(Material shown)

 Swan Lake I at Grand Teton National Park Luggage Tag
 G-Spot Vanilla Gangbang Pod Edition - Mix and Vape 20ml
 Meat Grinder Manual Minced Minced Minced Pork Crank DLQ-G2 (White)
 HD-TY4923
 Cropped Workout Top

(End Material shown)
(Material shown)

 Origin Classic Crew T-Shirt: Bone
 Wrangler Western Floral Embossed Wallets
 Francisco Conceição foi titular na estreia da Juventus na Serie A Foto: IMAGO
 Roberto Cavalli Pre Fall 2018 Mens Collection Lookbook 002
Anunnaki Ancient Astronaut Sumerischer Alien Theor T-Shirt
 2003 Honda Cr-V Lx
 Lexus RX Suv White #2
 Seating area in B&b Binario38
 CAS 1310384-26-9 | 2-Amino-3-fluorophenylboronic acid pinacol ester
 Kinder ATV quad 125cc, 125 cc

(End Material shown)

- Task description
Please copy, exactly as written, every line in the listing above from the line with "Swan Lake I" up to and including the line with "Cropped Workout Top".

- Answer space
 Swan Lake I at Grand Teton National Park Luggage Tag
 G-Spot Vanilla Gangbang Pod Edition - Mix and Vape 20ml
 Meat Grinder Manual Minced Minced Minced Pork Crank DLQ-G2 (White)
 HD-TY4923
 Cropped Workout Top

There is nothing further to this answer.